Imagine you would be paid less than someone else, just because your name begins with 'C' (just add the first letter of your name here, okay?). Would that be fair? Would you accept that or instead do everything in your power to get justice, especially if there's a law around, saying "everyone is treated equal"?
You wouldn't accept that, especially seeing that people who have, just by coincidence, names starting with other letters, don't work harder than you or are better, but nevertheless are paid more.
But when you try to sue them, you are told, "Yes, everyone is treated equal and paid equally, too, only the quality of your work isn't up to our standards". You can't prove they're wrong, because they don't have to tell you what their standards are.

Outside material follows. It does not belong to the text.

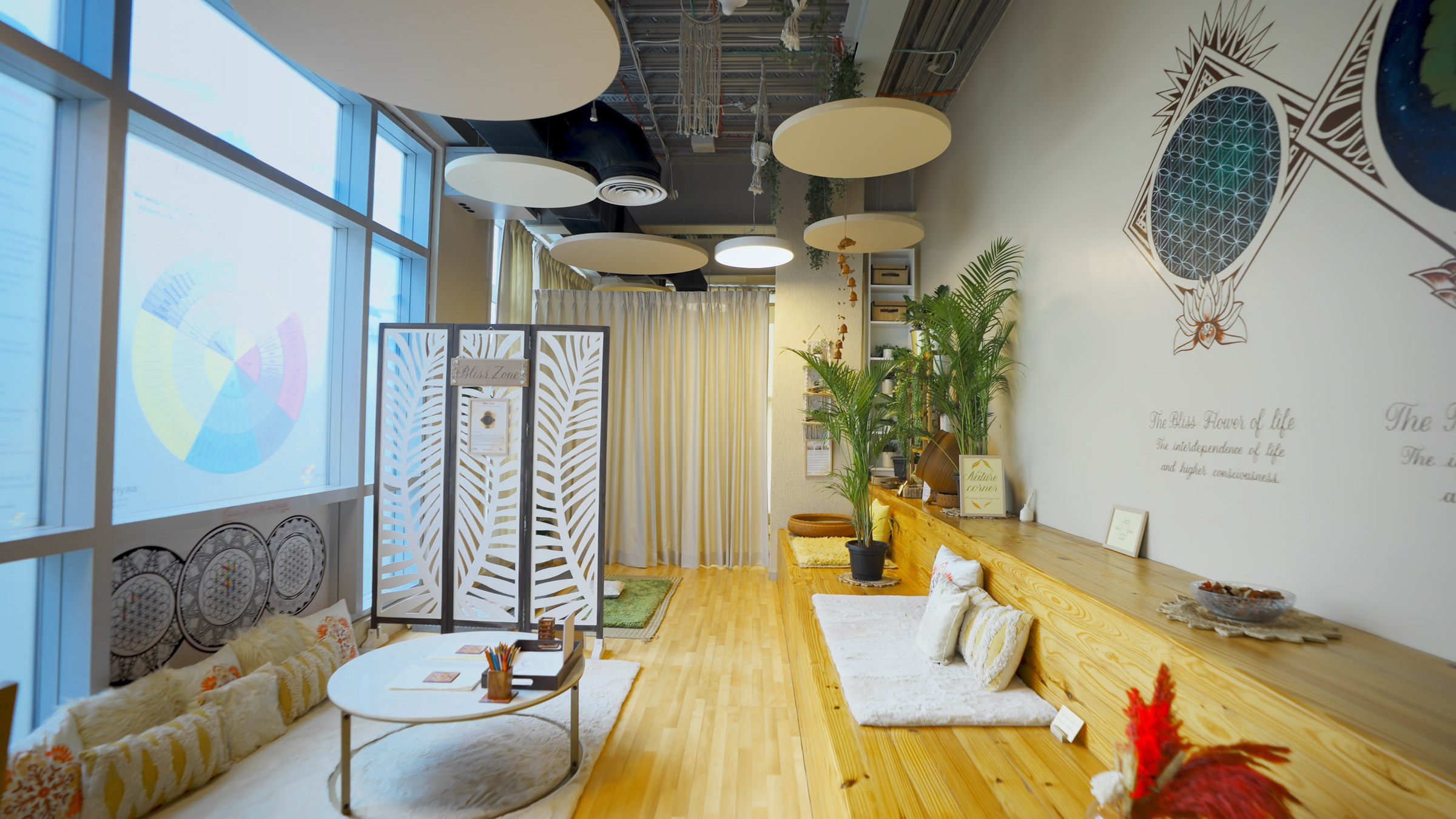 Inside a Zen Garden: natural light, live planting, floor seating and soft screens dividing the three zones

You say: "'B' (put in another letter, in case your name starts with 'B') is accomplishing less than me every day."
They say: "That doesn't matter, because 'B' is meeting our standards for higher pay and you are not."
You say: "What kind of standards are those?"

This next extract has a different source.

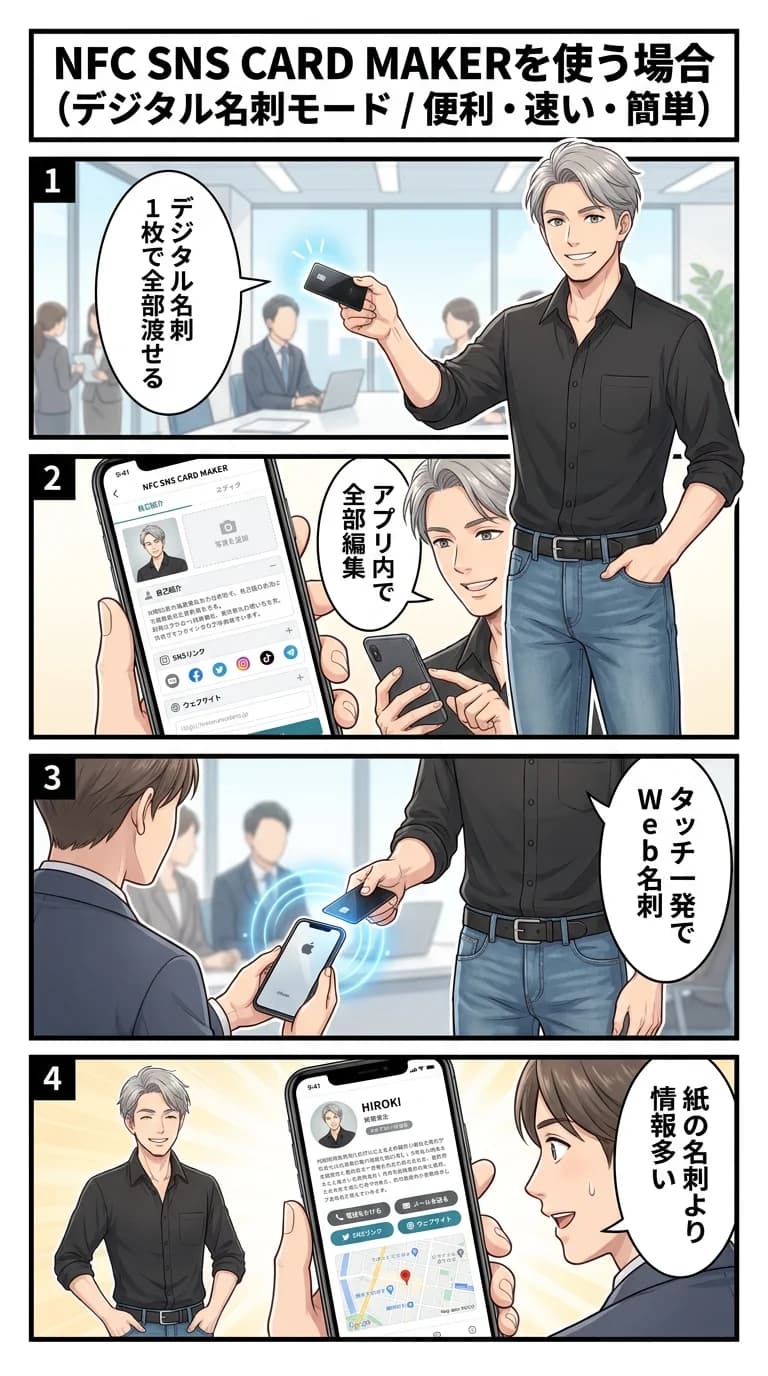 デジタル名刺モード — Webベースの自分専用デジタル名刺を作成・NFC連携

They say: "We don't have to tell you. 'B' meets them and you don't, that's enough."
And there's nothing you can do...
That's what the Pay Gap is all about. Only, instead of having the wrong name, you have the wrong gender, something you can't choose at all. As a woman you have to work harder than a man to get the same pay, essentially meaning you earn less doing the same work. But whenever you say "the law says women and men have to be treated equal and that includes pay", the bosses say "women and men are getting equal pay for equal quality". And they don't tell you what that 'equal quality' would be - although one might think it means 'having a Y chromosome'.
"Quality" is something that can't be measured with scientific or statistical means. Neither can "performance", also a well-used word in that case. The definition of "quality" and "performance" of work is up to the boss. It doesn't have to be justified and thus you can't really say "but my quality and/or performance are as good as that of the man you're paying better".

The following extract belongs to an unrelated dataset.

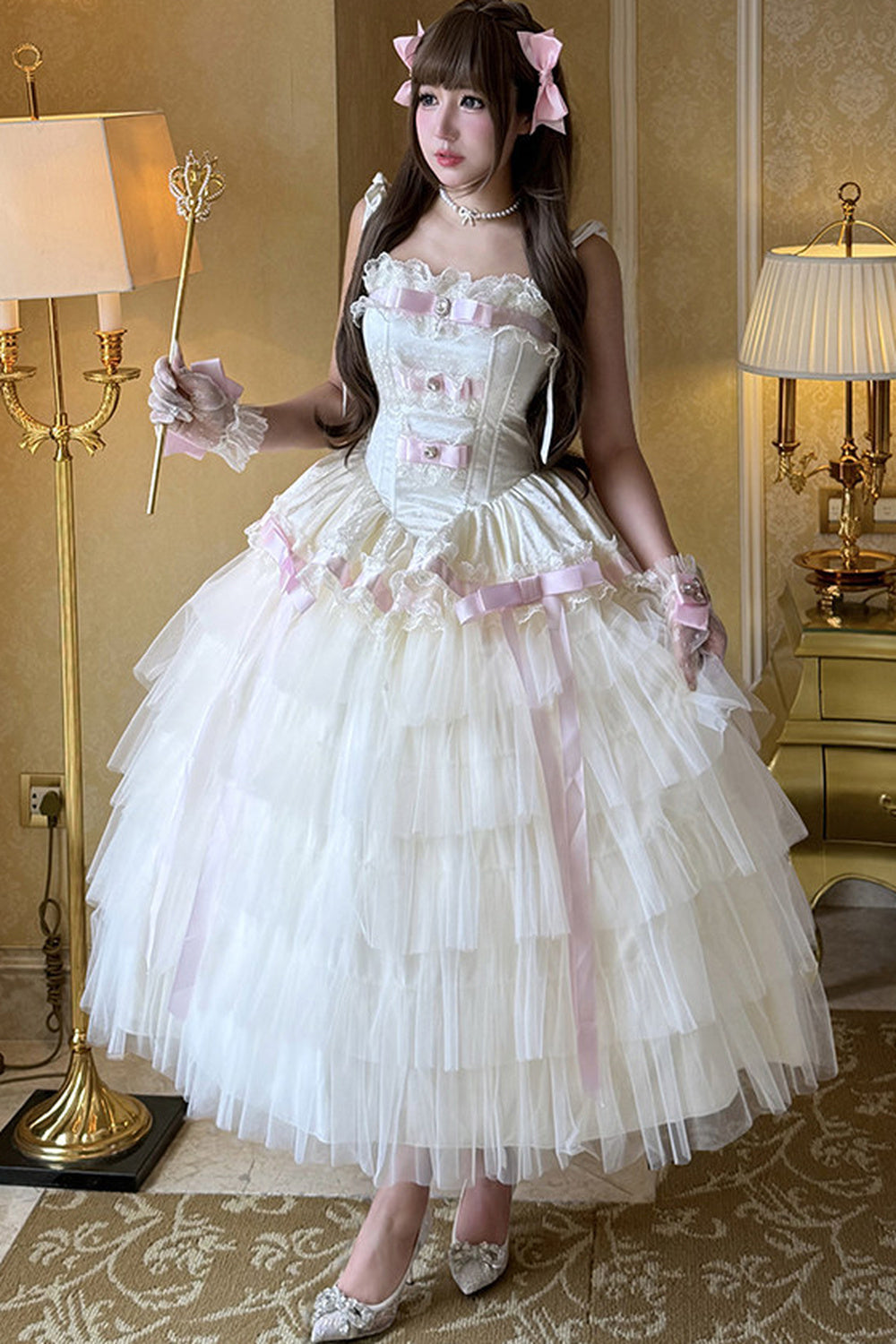 Elegant Ribbon Princess Long Dress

For the same amount of money a man in the same job earns within a year, a woman has to work a year and something more (you can get the exact date on which she has earned as much as the men every year on various websites, but usually it's sometime in February or March).
In addition, a woman is less likely to get into a leading position and more likely to get into a low-paid job.
Once upon a time (still after World War II in Germany, although we officially had "equality"), a woman was only allowed to work if she was either single or her husband allowed it. The husband could even end her employment without so much as telling her.
Today a woman can decide whether to work or not herself, but it's still men who in most cases decide how much she will get for it. And only women are asked whether they plan on having children (and if you say 'yes', you're less likely to get the job) or whether they have a partner (and then they'll rather give the job to a woman who's not in a relationship). If a man has a wife and children, it's often useful for getting a higher position and more money. If a woman has a husband and children, it's mostly keeping her down - because she could suddenly decide to quit the job to stay at home, because her children could get sick and so on.
The "Working Woman" still seems to be some exotic animal - or rather someone who cannot be trusted with responsibility at the workplace.
At the workplace, men and women are not treated equally. This still needs some working on.